## DESCRIPTION OF THE TASK
The stretch wanted below opens at the line containing "photo of London" and closes at the line containing "Old Baccarat Cameo". Please return it exactly, with no other lines.
*** DATA SUPPLIED Section Begins ***
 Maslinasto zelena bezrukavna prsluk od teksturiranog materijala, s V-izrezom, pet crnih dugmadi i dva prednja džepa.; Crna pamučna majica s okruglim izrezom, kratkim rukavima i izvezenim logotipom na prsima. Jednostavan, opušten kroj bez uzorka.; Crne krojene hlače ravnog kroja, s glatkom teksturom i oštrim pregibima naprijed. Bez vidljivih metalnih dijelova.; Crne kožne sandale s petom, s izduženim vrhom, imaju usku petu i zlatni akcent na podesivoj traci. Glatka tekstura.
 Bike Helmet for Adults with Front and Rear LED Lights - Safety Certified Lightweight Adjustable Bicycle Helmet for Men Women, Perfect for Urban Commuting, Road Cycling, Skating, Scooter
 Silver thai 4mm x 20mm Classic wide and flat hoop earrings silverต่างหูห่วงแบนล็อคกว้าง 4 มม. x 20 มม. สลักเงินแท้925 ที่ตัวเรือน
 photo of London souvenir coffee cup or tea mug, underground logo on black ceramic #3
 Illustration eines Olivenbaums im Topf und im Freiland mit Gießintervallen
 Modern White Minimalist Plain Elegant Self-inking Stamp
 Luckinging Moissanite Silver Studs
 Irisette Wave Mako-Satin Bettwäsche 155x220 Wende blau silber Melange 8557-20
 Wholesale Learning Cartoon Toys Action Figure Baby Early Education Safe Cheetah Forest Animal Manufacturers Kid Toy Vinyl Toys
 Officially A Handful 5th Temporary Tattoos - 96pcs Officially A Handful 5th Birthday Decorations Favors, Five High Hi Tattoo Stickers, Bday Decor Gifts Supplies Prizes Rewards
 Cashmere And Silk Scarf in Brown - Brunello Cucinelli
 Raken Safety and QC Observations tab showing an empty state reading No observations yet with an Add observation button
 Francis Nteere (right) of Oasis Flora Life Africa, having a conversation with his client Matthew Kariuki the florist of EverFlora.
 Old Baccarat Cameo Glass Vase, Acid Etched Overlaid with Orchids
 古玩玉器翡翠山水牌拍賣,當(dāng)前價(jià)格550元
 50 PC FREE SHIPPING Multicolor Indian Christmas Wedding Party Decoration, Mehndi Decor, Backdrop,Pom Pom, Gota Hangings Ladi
*** DATA SUPPLIED Section Ends ***
## PROBLEM SOLUTION
 photo of London souvenir coffee cup or tea mug, underground logo on black ceramic #3
 Illustration eines Olivenbaums im Topf und im Freiland mit Gießintervallen
 Modern White Minimalist Plain Elegant Self-inking Stamp
 Luckinging Moissanite Silver Studs
 Irisette Wave Mako-Satin Bettwäsche 155x220 Wende blau silber Melange 8557-20
 Wholesale Learning Cartoon Toys Action Figure Baby Early Education Safe Cheetah Forest Animal Manufacturers Kid Toy Vinyl Toys
 Officially A Handful 5th Temporary Tattoos - 96pcs Officially A Handful 5th Birthday Decorations Favors, Five High Hi Tattoo Stickers, Bday Decor Gifts Supplies Prizes Rewards
 Cashmere And Silk Scarf in Brown - Brunello Cucinelli
 Raken Safety and QC Observations tab showing an empty state reading No observations yet with an Add observation button
 Francis Nteere (right) of Oasis Flora Life Africa, having a conversation with his client Matthew Kariuki the florist of EverFlora.
 Old Baccarat Cameo Glass Vase, Acid Etched Overlaid with Orchids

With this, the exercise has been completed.